* **GOAL OF THE EXERCISE**
Task for the records below: repeat the line containing "Adrin Alonso Lemes" and every line after it, exactly and with nothing else, but leave out the pictures.

* **RECORD SET**
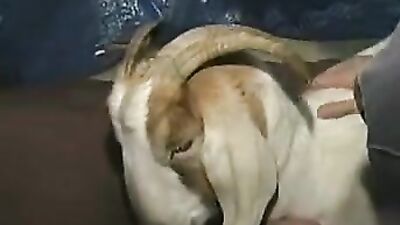 Dog pussy girls: zoo lady porn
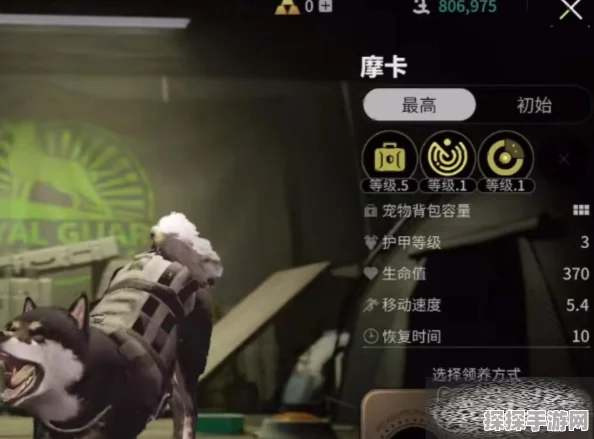 萤火突击摩卡宠物升级全攻略，解锁升级材料与获取秘籍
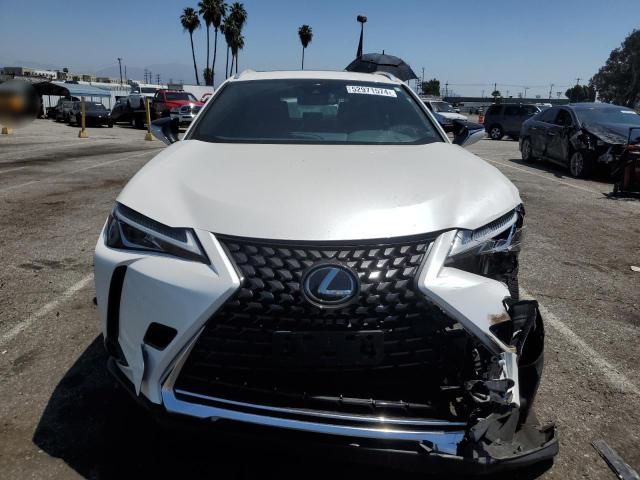 2019 Lexus UX 200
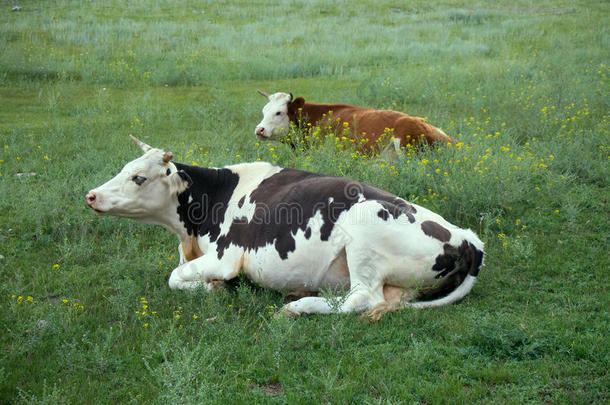 牛繁殖的荷斯坦在牧场上繁殖2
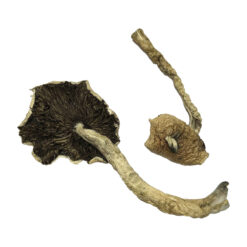 Bayou Zauberpilze Kaufen Deutschland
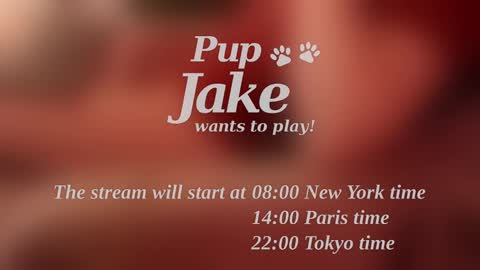 Pup Jake wants to play online show from 12.25.24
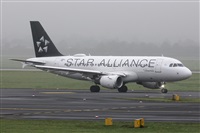 Adrin Alonso Lemes - Lanzarote Spotters. Click to see full size photo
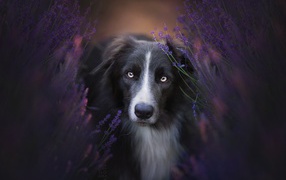 Серьезный взгляд собаки бордер колли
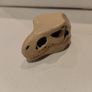 Lego Jurassic World T Rex Skull Part from 76940 Image 3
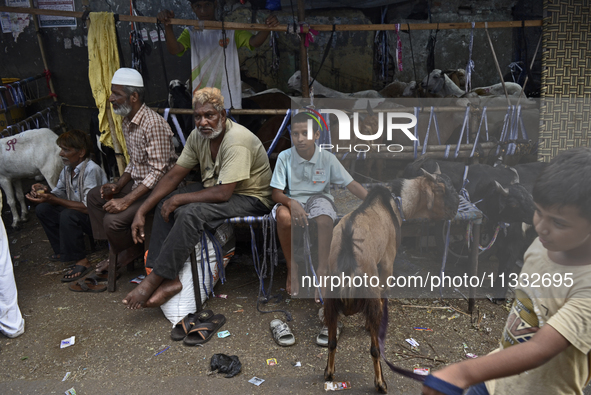 Sellers are sitting in front of the goats at a livestock market on the eve of the Muslim festival of Eid-al-Adha in Mumbai, India, on June 1...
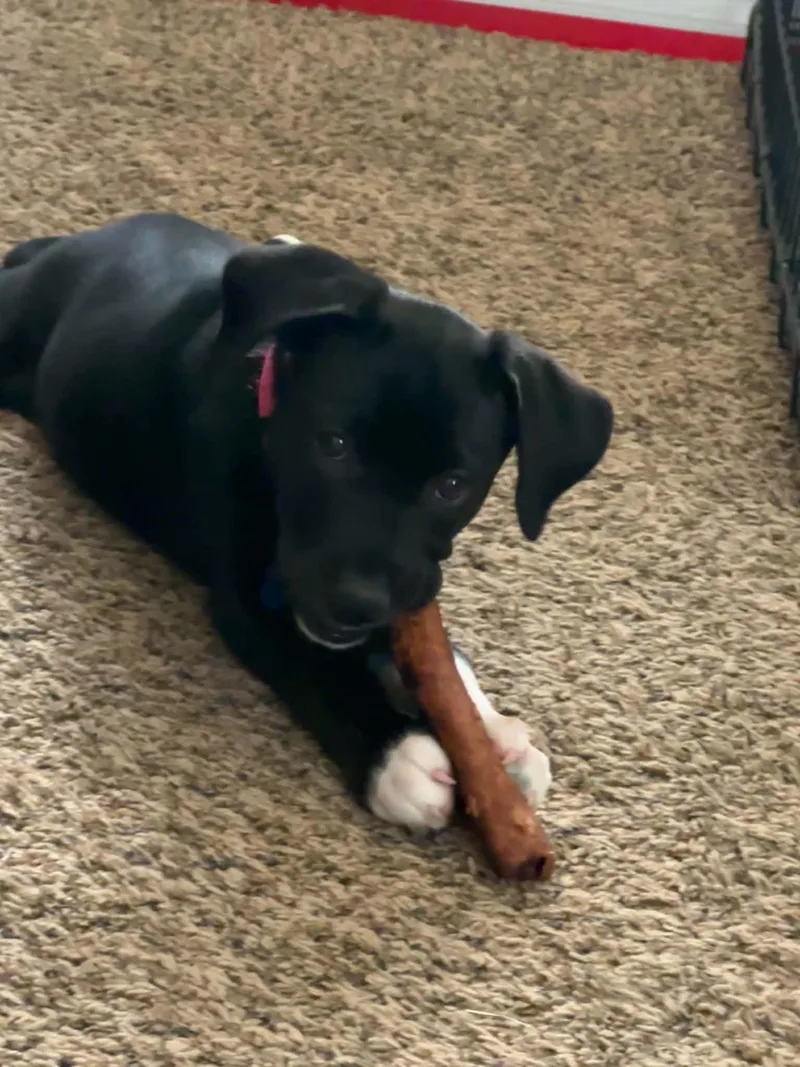 A baby medium-sized female Black Pointer dog named Lollipop for adoption in Columbia, MO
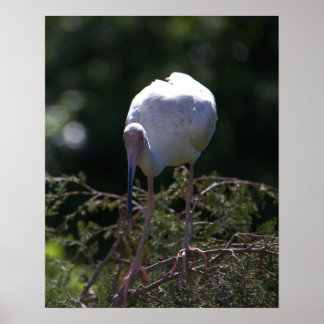 White Ibis Photo Poster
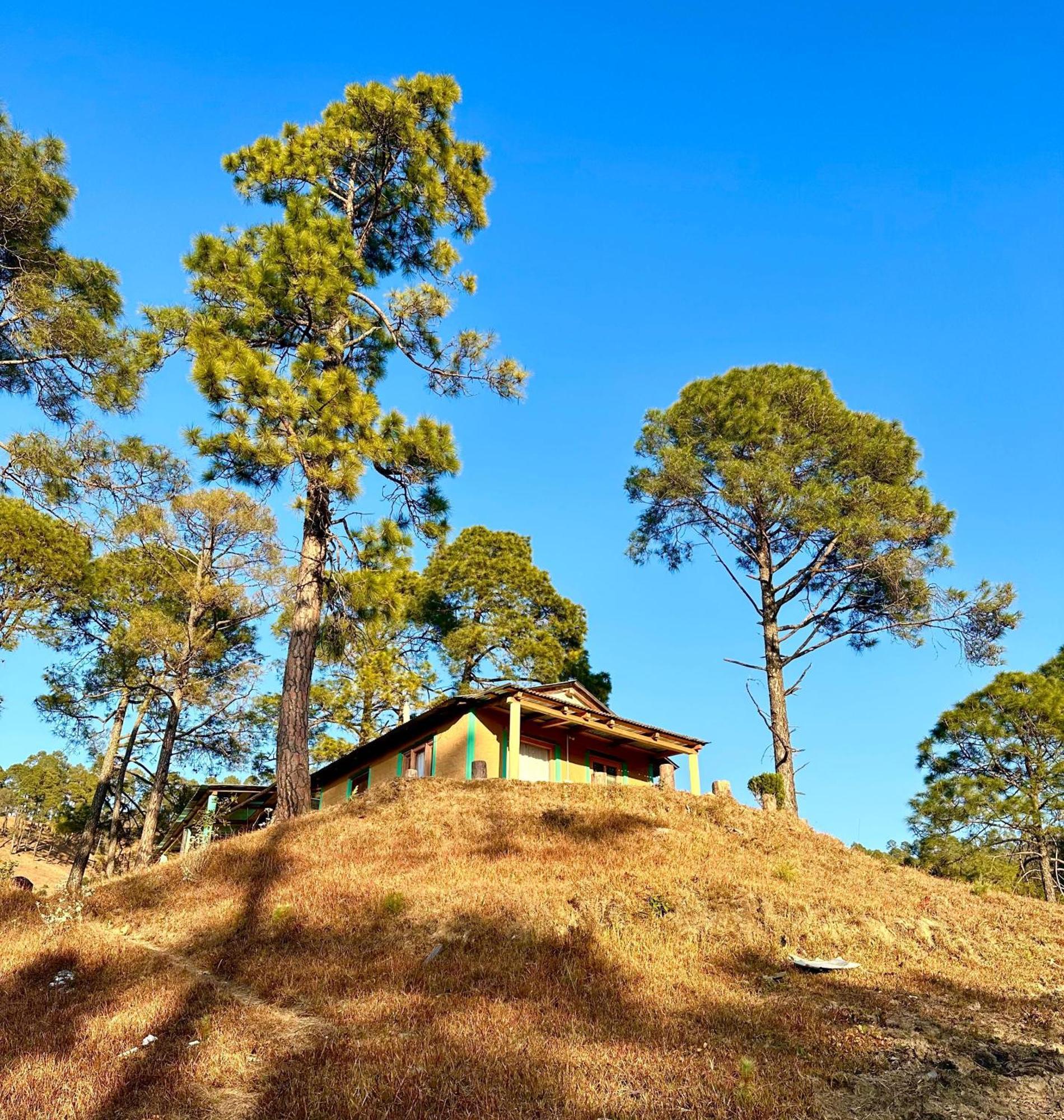 Joshi Cottage Binsar Ngoại thất bức ảnh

* **TASK SOLUTION**
 Adrin Alonso Lemes - Lanzarote Spotters. Click to see full size photo
 Серьезный взгляд собаки бордер колли
 Lego Jurassic World T Rex Skull Part from 76940 Image 3
 Sellers are sitting in front of the goats at a livestock market on the eve of the Muslim festival of Eid-al-Adha in Mumbai, India, on June 1...
 A baby medium-sized female Black Pointer dog named Lollipop for adoption in Columbia, MO
 White Ibis Photo Poster
 Joshi Cottage Binsar Ngoại thất bức ảnh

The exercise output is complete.